#### REQUIRED ACTION
Reproduce exactly the lines from the one that holds "Got Ped By My" through the last line of the entries, both ends included, but not the pictures.

Image-text web data:
________________________________________
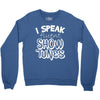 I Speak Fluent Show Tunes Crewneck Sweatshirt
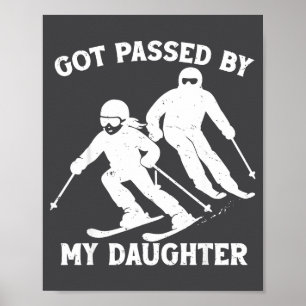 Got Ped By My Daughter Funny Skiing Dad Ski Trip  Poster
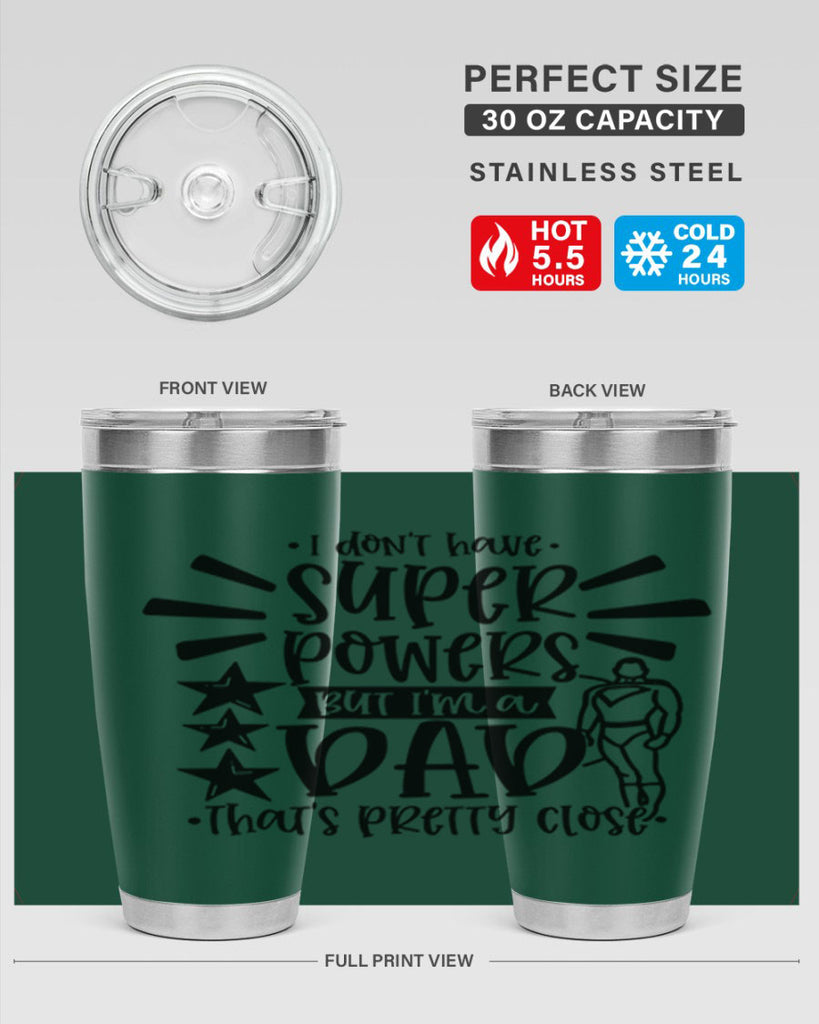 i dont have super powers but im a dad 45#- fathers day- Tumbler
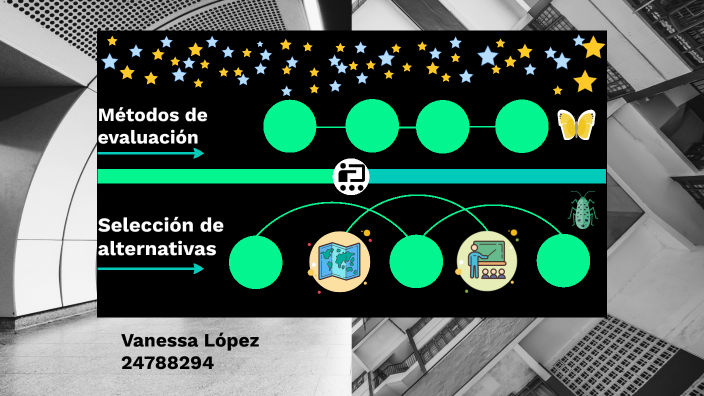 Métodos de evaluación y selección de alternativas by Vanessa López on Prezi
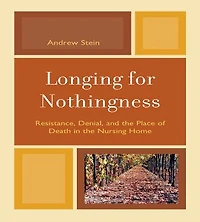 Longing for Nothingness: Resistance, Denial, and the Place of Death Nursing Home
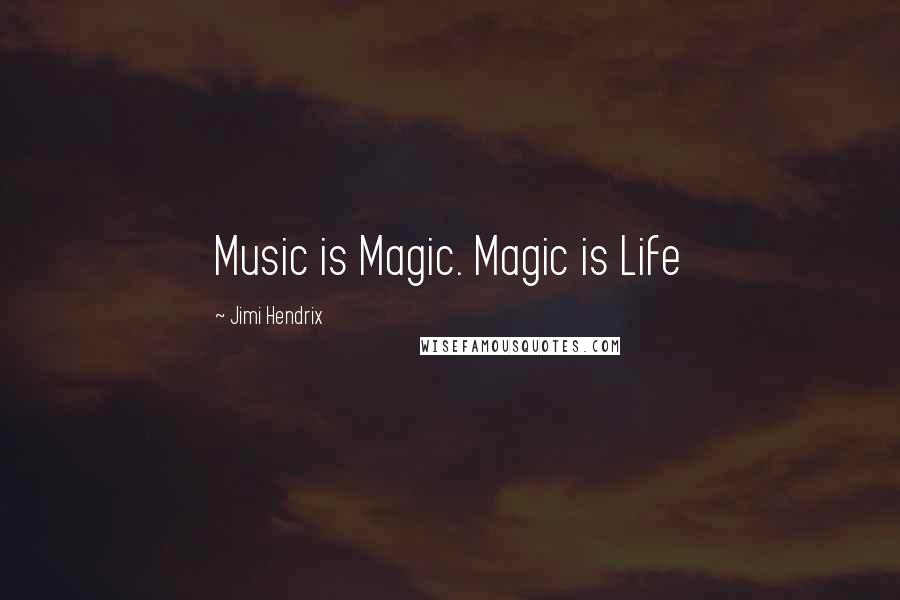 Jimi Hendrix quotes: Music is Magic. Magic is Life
________________________________________
#### PROBLEM SOLUTION
 Got Ped By My Daughter Funny Skiing Dad Ski Trip  Poster
 i dont have super powers but im a dad 45#- fathers day- Tumbler
 Métodos de evaluación y selección de alternativas by Vanessa López on Prezi
 Longing for Nothingness: Resistance, Denial, and the Place of Death Nursing Home
 Jimi Hendrix quotes: Music is Magic. Magic is Life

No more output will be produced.